* [SUPPLIED MATERIAL]

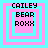 Four identical pixelated squares with cyan and pink borders display 'CAILEY BEAR ROXX' text in black block letters, each square containing nested rectangles of alternating colors.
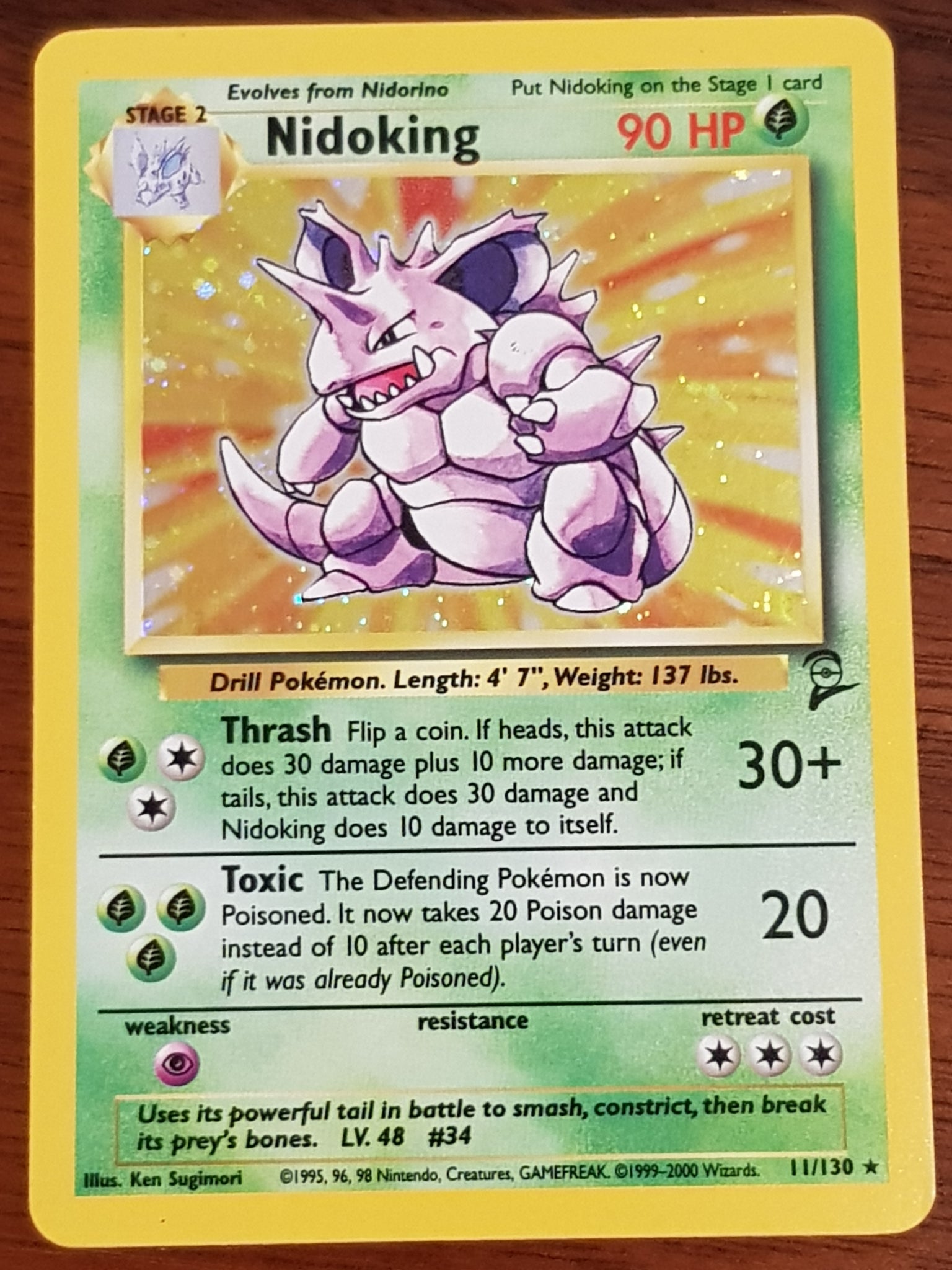 Pokemon Base Set 2 Nidoking #11/130 Holo Trading Card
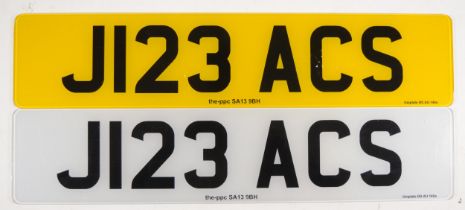 Cherished number plate J123 ACS, on retention, buyer to pay for the transfer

* [EXERCISE REQUIREMENTS] The expected output is the complete listing, word for word, without any picture.

* [TASK ANSWER]
 Four identical pixelated squares with cyan and pink borders display 'CAILEY BEAR ROXX' text in black block letters, each square containing nested rectangles of alternating colors.
 Pokemon Base Set 2 Nidoking #11/130 Holo Trading Card
 Cherished number plate J123 ACS, on retention, buyer to pay for the transfer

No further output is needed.